• WHAT YOU ARE ASKED TO DO: Although the records contain pictures, print none of them; print exactly the lines from the one with "Load image into" through the last line.

• INPUT FOR THIS TASK:
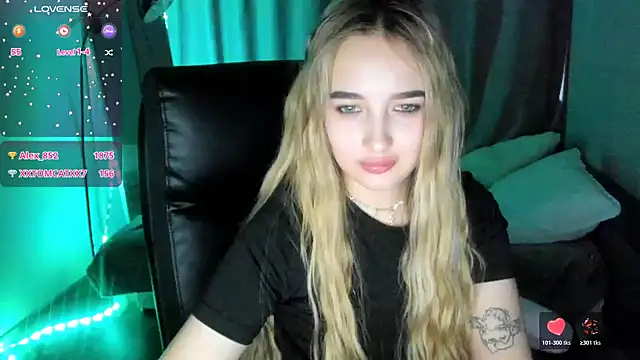 TaisiaHot online show from 03-18-26, 09:12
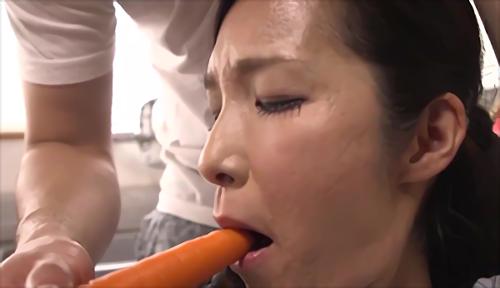 『主婦』息子は両親の夜の営みを覗き見して、一人エッチを楽しんでいる、ある日、麻里は息子を呼びに息子の部屋へ行く、ドアを開けると、息子が一人！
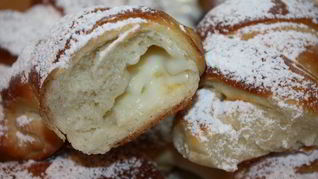 Круассаны с кремом патисьер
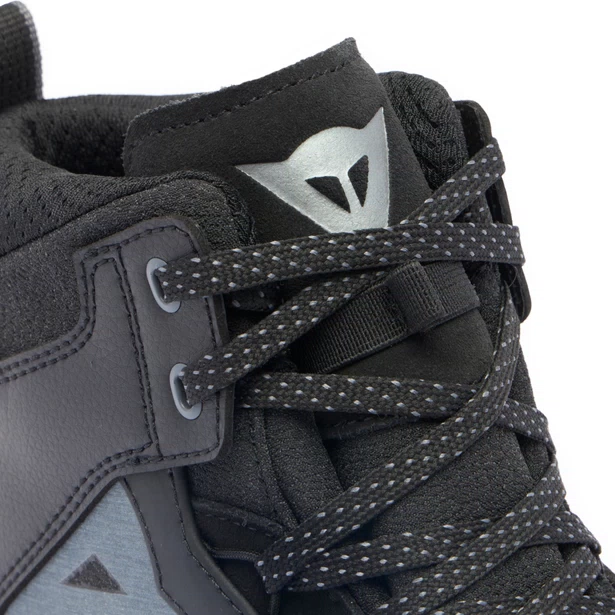SUBURB D-WP WOMAN DAINESE Scarpe urban impermeabili dal fit e design femminile ispirate al mondo sneaker.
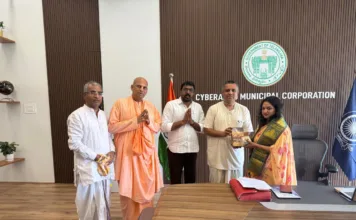 జగన్నాథ రథయాత్రకు కమిషనర్ సృజనను ఆహ్వానించిన ఇస్కాన్ ప్రతినిధులు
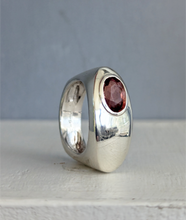 Load image into Gallery viewer, Italian modernist sterling silver tourmaline ring c1980s
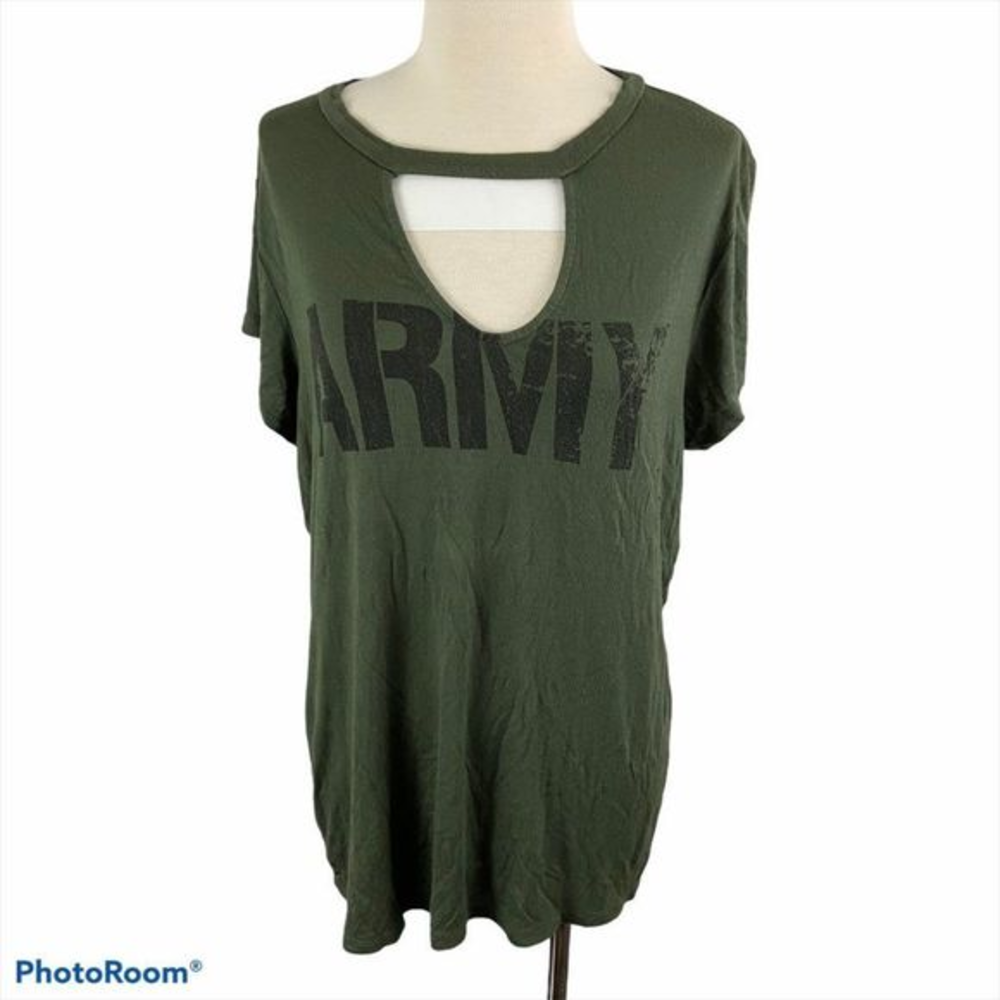 🌿4/$35 🌿OCCASION Green Army Tee‎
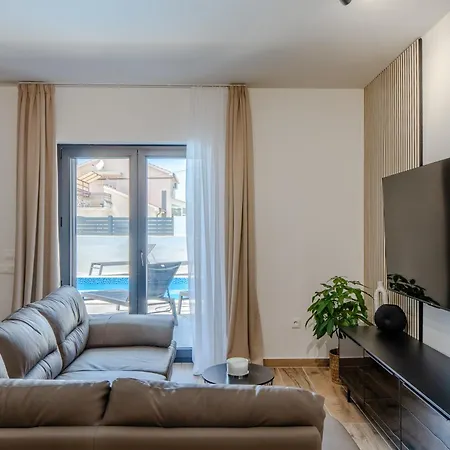 Holiday home House With Pool Angelo Vrsi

• TASK ANSWER:
 Load image into Gallery viewer, Italian modernist sterling silver tourmaline ring c1980s
 🌿4/$35 🌿OCCASION Green Army Tee‎
 Holiday home House With Pool Angelo Vrsi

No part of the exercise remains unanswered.